It was suggested in comments that with the video release of Terminator Salvation this column should not only examine its place in the Terminator timeline but summarize the previously published and rather complicated analysis of the other three films. Indeed, although it has stood the test of time to some degree, Temporal Anomalies in Time Travel Movies unravels Terminator was the first such analysis to appear (under a slightly different title with a different URL) when the Temporal Anomalies site launched in 1997. Its consideration of the first two films dealt with some serious complexities, and made predictions concerning what the franchise might be able to do with the story from there. Further, the more recent addition of an analysis of Rise of the Machines put the entirety of the first two films in a new context not fully addressed, despite the fact that several of the predictions of the previous article had been confirmed. Thus as the fourth film has come to video, it seems appropriate to examine the story so far, and to polish some of what has already been said.
The story begins with the third film. It is here we learn who originally designed SkyNet. In the second film it appeared that Cyberdyne created the massive computerized defense system as a hardware system; but it was also revealed that Cyberdyne did so based on studying the parts from the demolished T-800 left in their factory in the first film. This in the first film would have been a predestination paradox, the effect in the past dependent upon the cause in the future; but in the second film it became a grandfather paradox, as the cause from the future destroyed its own basis in the past. Thus the second film forces us to abandon fixed time theory as a plausible explanation. Assuming that replacement theory is the best replacement, that the people involved really are changing their own past (not the past of a parallel or divergent dimension), we then resolve the uncaused cause by postulating an original cause that was displaced. In this case it is not difficult to do this, because the third film gives it to us: as predicted, someone else developed a different SkyNet at a later date. That someone was the Autonomous Weapons Division of the Cyber Research Systems branch of the United States Air Force, under the direction of General Robert Brewster.

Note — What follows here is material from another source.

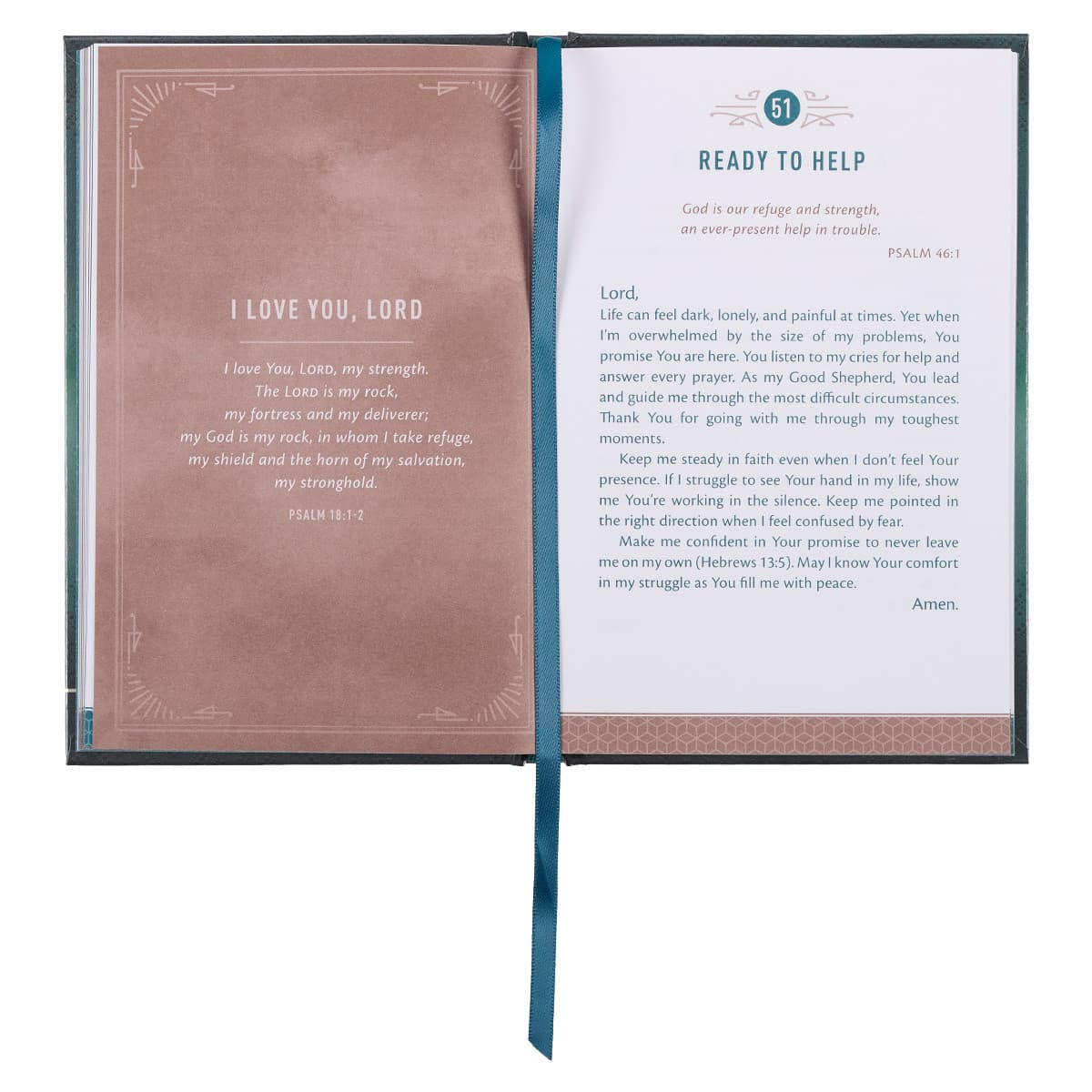 101 Prayers for Men - Psalm 145:18 Green Hardcover Gift Book, picture 5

It is not impossible that there was some other original creator of SkyNet, and there might have been contributors to the project; but it seems most reasonable to assume that the Air Force was working on autonomous systems long before the early nineties, long before the Internet had become what it was, and that they had been consulting many private contractors for the latest in hardware and software. It is also evident that in the eighties the notion of harnessing multiple computers in parallel was in its infancy. Answers were seen in hardware in those days; it was not until this millennium that software solutions rose to prominence. Thus it is not surprising that in 1984 they were looking at hardware solutions, but by 2004 they were looking at a software solution. It is also not surprising that absent the parts from the future, no hardware solution was forthcoming. Hardware becomes dated very quickly and cannot upgrade itself; intelligent software might be able to manage both its own upgrades and that of its hardware, given the right tools.
Thus we find that the Air Force is responsible for the original creation of a SkyNet that was an intelligent defense program released into the Internet that became sentient and proceeded to defend itself against humanity.
The story then doubles back on itself, because that program eventually decided that John Conner must die; yet without that decision, John Conner could never have been born. Thus we must turn back the clock to 1984 and Sarah Conner's child.